When I was in basic training, I was the first in my platoon to score a 300 on the APFT. Nonetheless, I was one of the weakest foot marchers in the platoon. I only weighed 140lbs at the time, and my ability to do a bunch of push-ups and sit-ups and breeze through the run didn’t help me much when I was carrying a heavy rucksack, a weapon, and walking up and down Sand Hill.

It wasn’t until I started weight lifting and packing on some muscle that carrying a rucksack became less of a burden. Preliminary research from StrongSwiftDurable also correlates upper-body strength with rucking ability.

So I am in agreement that the APFT is not an absolute measure of physical ability. And I am sure there are a host of really fantastic fitness tests out there that could eek out a better way of identifying where individual soldiers stand when it comes to their physical ability to actually perform their jobs.

However, what those tests lack – and I’ve seen a number of the proposed tests – is practicality and feasibility.

Soldiers in the active duty Army are supposed to take two “record” APFTs a year. In all of the years I’ve been in the military, the only time I’ve ever seen that enforced was when I was in a TRADOC environment, and taking APFTs was part of the course. In the operating force, it is a miracle to get a whole platoon doing physical training on a regular basis, and usually takes signficant prioritizing to get everyone together for an APFT.

The beauty of the APFT is that it requires no special equipment or space and can be completed for most elements during normal PT hours (usually between 0630 and 0745). All of the proposed fitness tests either require a bunch of extra equipment or space, and in some cases need to be tested over multiple days.

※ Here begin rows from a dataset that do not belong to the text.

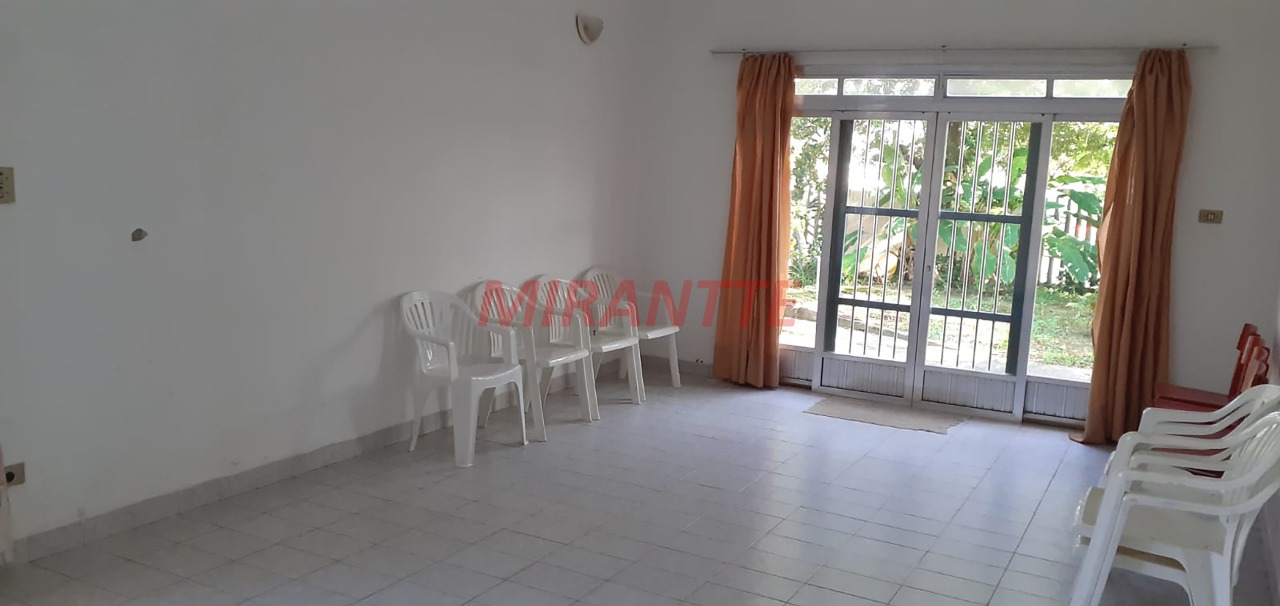 Casa terrea de 240m² com 6 quartos em Parque Balneario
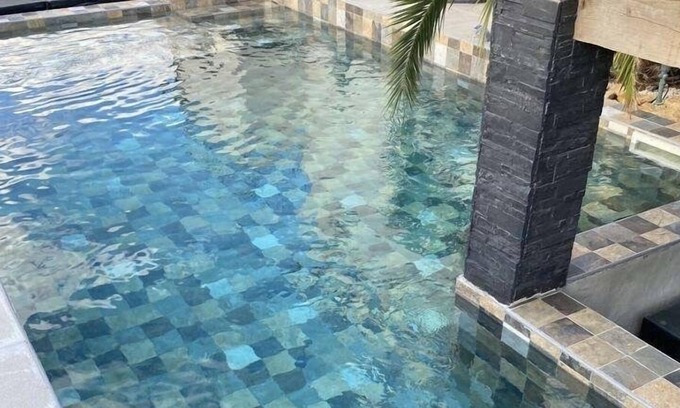 Bagnols-sur-Ceze House | house with swimming pool
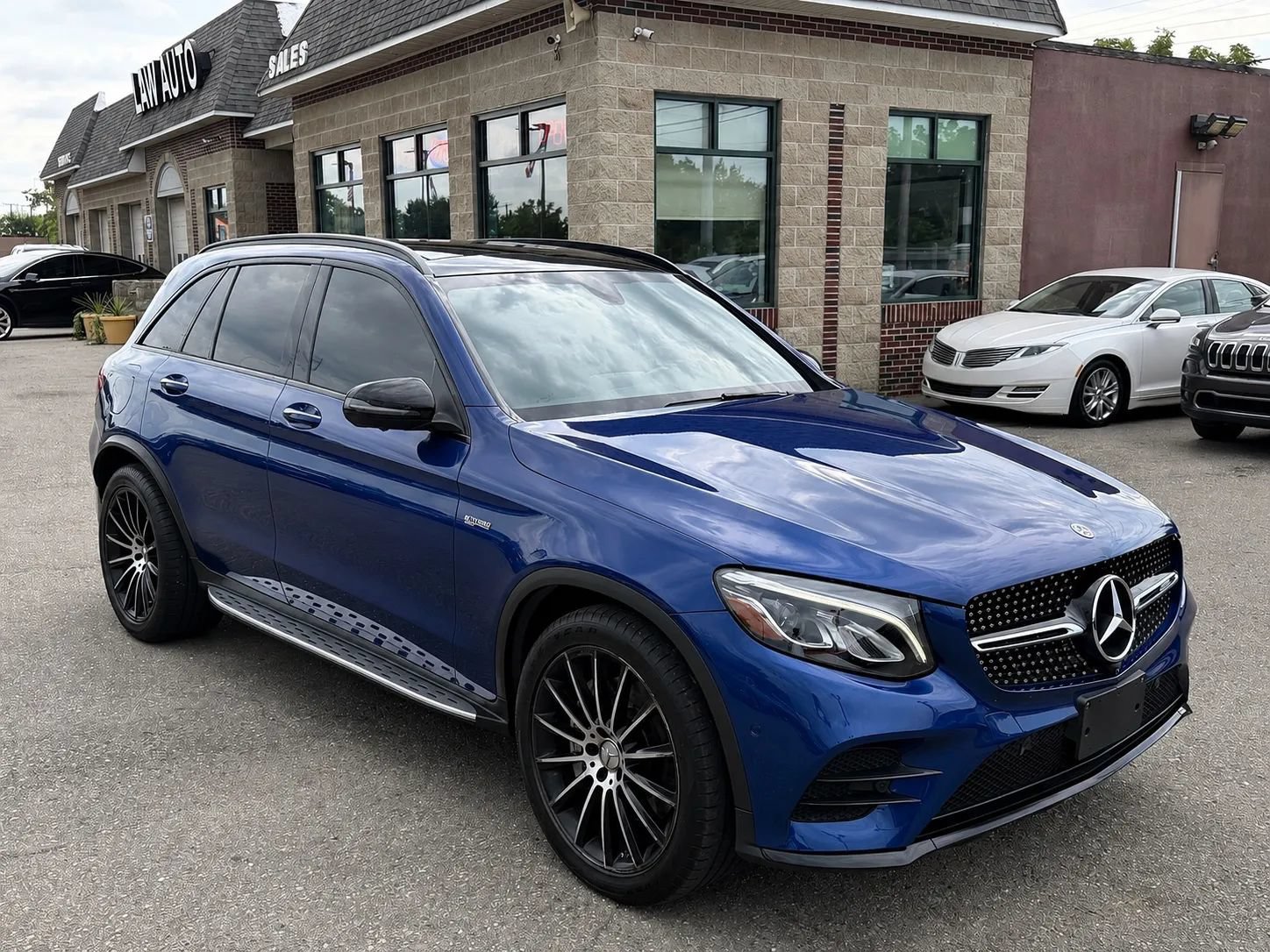 Used 2019 Mercedes-Benz GLC 43 AMG 4MATIC image 6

Additionally, there is evidence that performing well on the APFT generally corresponds with success in physically demanding courses, such as Special Forces Assessment and Selection (SFAS). The below is from USAREC’s notes on how to adequately prepare for and succeed at SFAS. In it, they make a direct correlation between APFT score and ability to pass the course.

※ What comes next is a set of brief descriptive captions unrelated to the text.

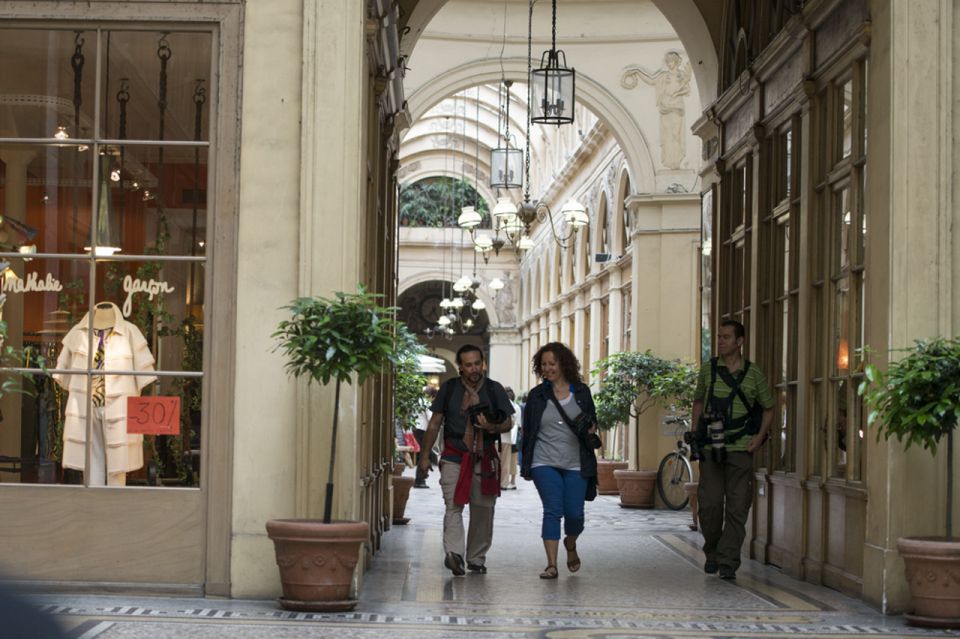 Paris : Highlights of Parisians' Paris guided tour - Palais-Royal: atmosphere, arcade life, and the pleasure of walking slowly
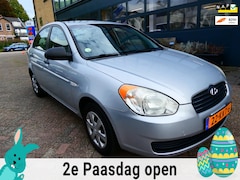 Hyundai Accent - 1.4i Dynamic 97pk Sedan Airco Trekhaak 1100kg. 1e eigenaar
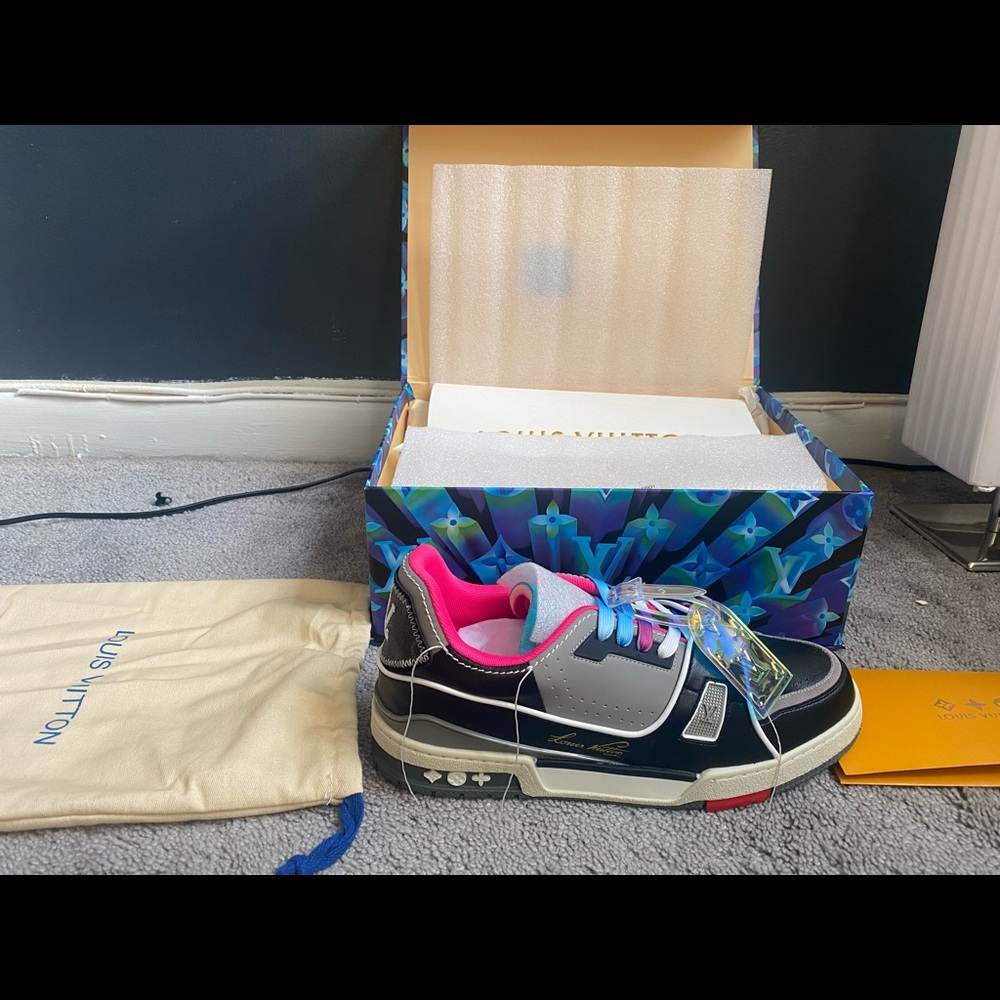 Louis Vuitton trainer sneaker Pink SS2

Again, having a high APFT score does not mean you are in great physical shape for everything, but it does correspond to being in good shape generally.

Lastly, while it’s true that I’ve seen soldiers who could adequately do their jobs yet still perform average or even poorly on the APFT, I have never seen the opposite. That is, most soldiers I know who score well on the APFT generally are able to perform their jobs well and do not “suck” any more than other soldiers.

The APFT in its current form provides a good baseline measure of physical fitness while being relatively easy to administer. For those reasons, we should be very careful about discarding it altogether simply because it is not the perfect measure of combat fitness.